Title: Existuje v Japonsku náboženství? : kategorie náboženství a postmoderní kritika v sociálních vědách
- Is there any religion in Japan? : the category of religion and postmodern critique in social sciences
Source document: Religio. 2013, vol. 21, iss. 2, pp. -188
ISSN1210-3640 (print)2336-4475 (online)
License: Not specified license
Notice: These citations are automatically created and might not follow citation rules properly.

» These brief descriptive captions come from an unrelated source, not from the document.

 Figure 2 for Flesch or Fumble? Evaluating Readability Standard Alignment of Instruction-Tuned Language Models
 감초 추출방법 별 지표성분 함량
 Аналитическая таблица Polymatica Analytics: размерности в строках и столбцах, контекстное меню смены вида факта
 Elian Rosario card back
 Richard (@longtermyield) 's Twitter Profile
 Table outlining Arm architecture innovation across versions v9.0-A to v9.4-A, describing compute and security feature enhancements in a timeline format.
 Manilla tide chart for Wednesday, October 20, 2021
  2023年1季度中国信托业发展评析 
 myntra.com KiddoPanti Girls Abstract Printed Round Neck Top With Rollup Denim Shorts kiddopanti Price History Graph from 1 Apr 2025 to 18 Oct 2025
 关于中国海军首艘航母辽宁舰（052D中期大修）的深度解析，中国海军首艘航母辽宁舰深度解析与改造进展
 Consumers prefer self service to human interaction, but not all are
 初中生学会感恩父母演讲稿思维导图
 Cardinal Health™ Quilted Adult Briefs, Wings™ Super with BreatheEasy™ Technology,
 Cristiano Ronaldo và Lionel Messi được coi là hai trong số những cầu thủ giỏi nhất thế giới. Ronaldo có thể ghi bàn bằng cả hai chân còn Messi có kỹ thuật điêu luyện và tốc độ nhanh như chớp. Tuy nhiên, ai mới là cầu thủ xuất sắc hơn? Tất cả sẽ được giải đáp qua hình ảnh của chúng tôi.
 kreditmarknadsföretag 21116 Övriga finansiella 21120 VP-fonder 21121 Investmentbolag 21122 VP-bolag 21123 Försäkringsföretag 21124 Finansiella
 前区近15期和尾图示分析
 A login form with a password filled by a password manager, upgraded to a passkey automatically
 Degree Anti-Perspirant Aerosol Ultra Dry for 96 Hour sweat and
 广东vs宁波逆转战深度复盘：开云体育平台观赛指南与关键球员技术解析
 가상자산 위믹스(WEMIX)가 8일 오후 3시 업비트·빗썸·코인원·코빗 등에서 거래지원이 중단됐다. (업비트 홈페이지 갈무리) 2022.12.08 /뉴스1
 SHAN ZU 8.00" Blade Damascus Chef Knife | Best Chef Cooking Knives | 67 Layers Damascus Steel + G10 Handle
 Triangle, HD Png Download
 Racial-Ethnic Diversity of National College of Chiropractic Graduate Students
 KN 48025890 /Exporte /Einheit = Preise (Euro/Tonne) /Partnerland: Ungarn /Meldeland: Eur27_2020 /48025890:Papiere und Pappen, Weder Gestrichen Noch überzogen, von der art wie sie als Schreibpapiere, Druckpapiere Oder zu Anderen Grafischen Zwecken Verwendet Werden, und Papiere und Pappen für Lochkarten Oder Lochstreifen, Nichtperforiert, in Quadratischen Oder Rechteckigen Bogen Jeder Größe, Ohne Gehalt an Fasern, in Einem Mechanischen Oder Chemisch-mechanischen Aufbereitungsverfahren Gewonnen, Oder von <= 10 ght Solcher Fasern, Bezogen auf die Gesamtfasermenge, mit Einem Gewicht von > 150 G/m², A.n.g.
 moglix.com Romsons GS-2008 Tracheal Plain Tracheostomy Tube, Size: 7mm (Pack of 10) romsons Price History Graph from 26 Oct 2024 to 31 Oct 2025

This article deals with the issue of using concepts and categories in social sciences with particular focus on the concept of "religion". This concept has been critically analyzed by several authors, e.g. by Timothy Fitzgerald, Russell T. McCutcheon and Daniel Dubuisson. The category of religion is seen by its critics as a biased and manipulative socio-cultural construct, originating in the specific social and cultural environment of Western (Euro-American, Christianity-based) societies. However, the critique of the notion of religion as a socio-culturally constructed concept does not necessarily mean that the concept itself should be abandoned or that it is of no practical use for the description and analysis of non-Western social and cultural phenomena. This contention is evidenced with examples from the Japanese context. The notion of religion (shūkyō) cannot easily be proclaimed to be a Western import into Japan; it has older roots in Japanese history. The extent and content of this concept, as well as its place in a wider conceptual network, have certainly been transformed in the process of cultural exchange with different Euro-American environments but this does not imply that this concept is simply a tool of colonial powers, nor does it preclude its analytical usefulness.